### Study material

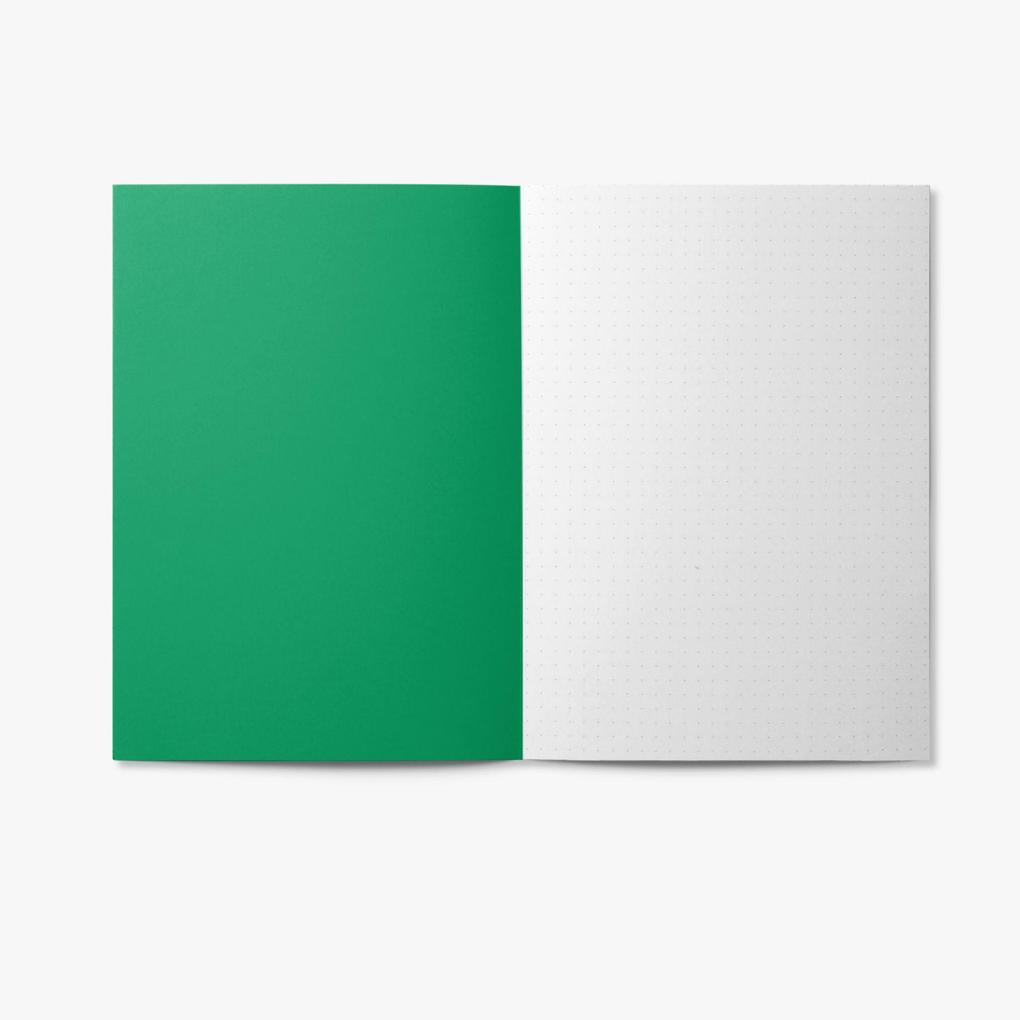 Weitere Ansicht: Hefte A5 Pattern Cherries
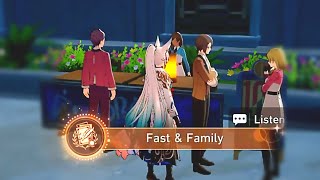 Honkai Star Rail v2.6 [ Fast & Family ] Hidden Achievement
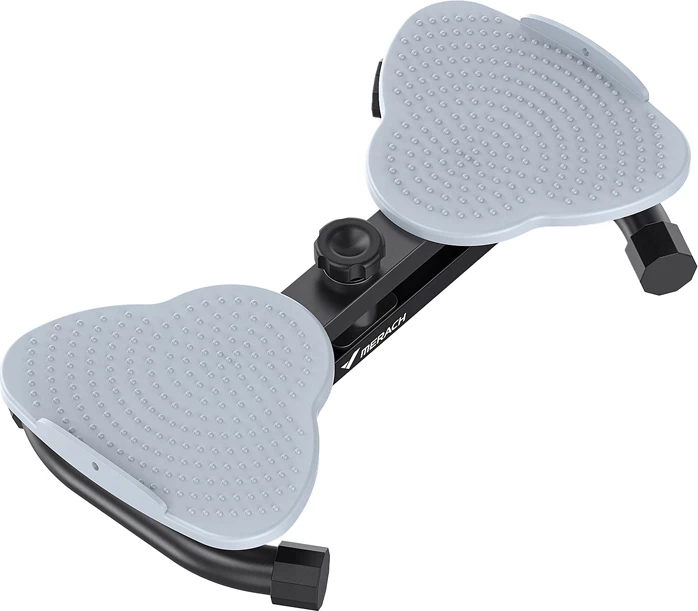 Platformë twist MERACH MR-2465B1-EU, me shirita rezistence, 136 kg, e bardhë, set 2 shirita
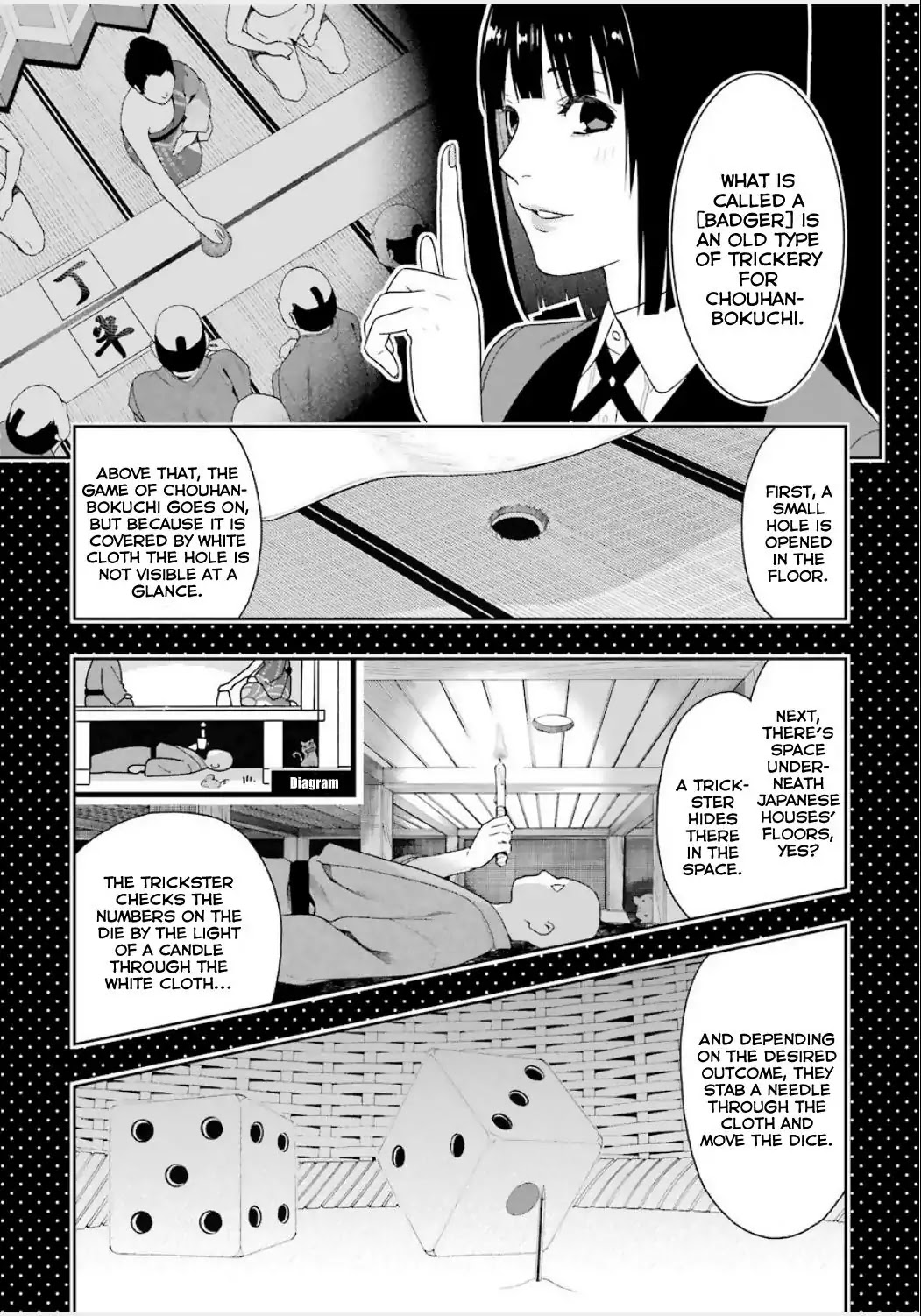 Read Kakegurui Manga Online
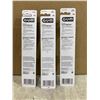Image 2 : 3 Pack - Gum Travel Toothbrushes - Red
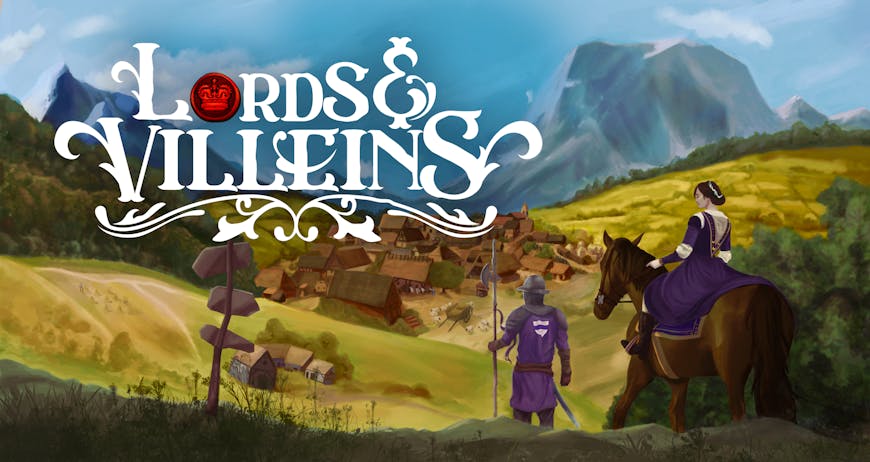 Product cover for Lords and Villeins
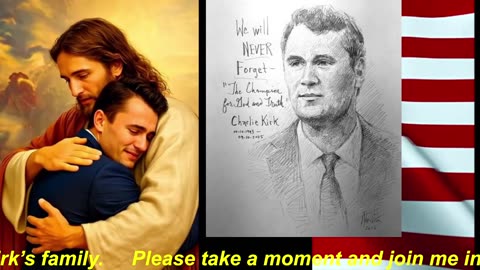Xin hãy dành chút thời gian cùng tôi cầu nguyện cho gia đình Charlie Kirk.
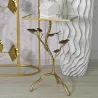 Table d'appoint en métal Tisty 40 x 30 x 60 cm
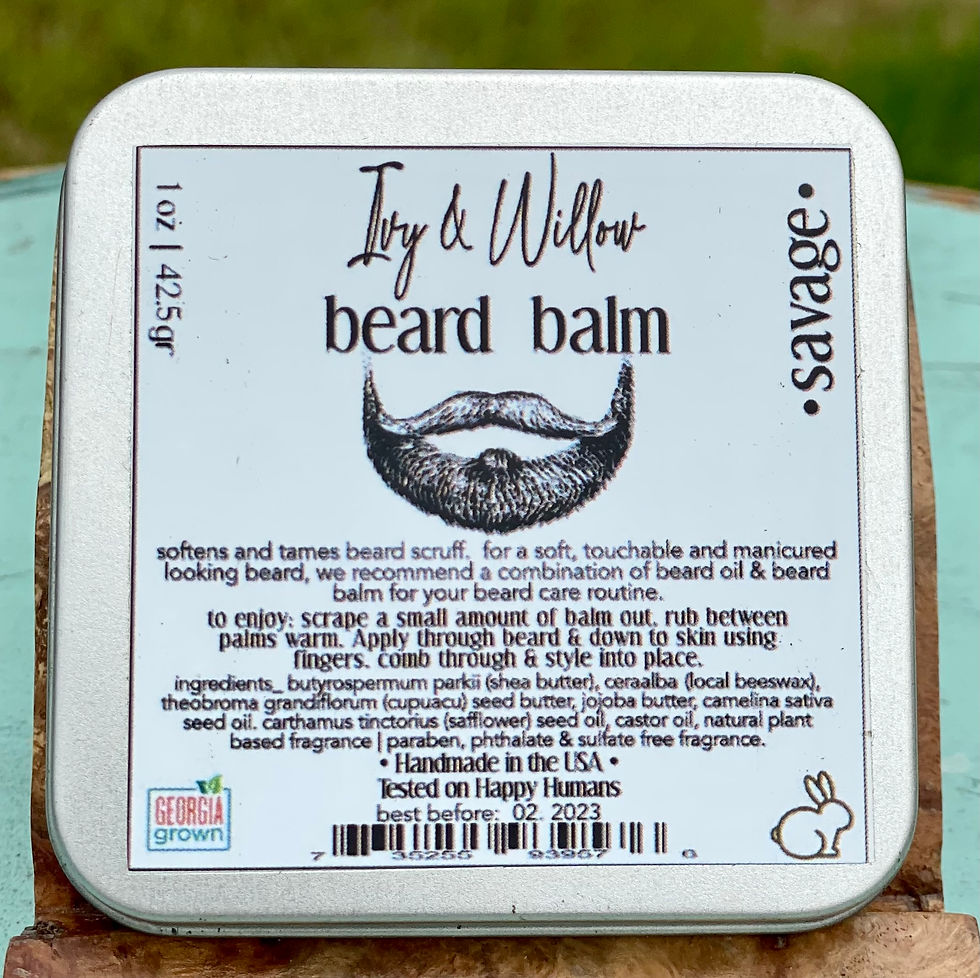 Thumbnail: beard balm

######

■ **Work instruction**:
Quote the entries above word for word. Leave the images out.

■ **Result of this task**:
 Weitere Ansicht: Hefte A5 Pattern Cherries
 Honkai Star Rail v2.6 [ Fast & Family ] Hidden Achievement
 Platformë twist MERACH MR-2465B1-EU, me shirita rezistence, 136 kg, e bardhë, set 2 shirita
 Read Kakegurui Manga Online
Image 2 : 3 Pack - Gum Travel Toothbrushes - Red
 Product cover for Lords and Villeins
Xin hãy dành chút thời gian cùng tôi cầu nguyện cho gia đình Charlie Kirk.
 Table d'appoint en métal Tisty 40 x 30 x 60 cm
 Thumbnail: beard balm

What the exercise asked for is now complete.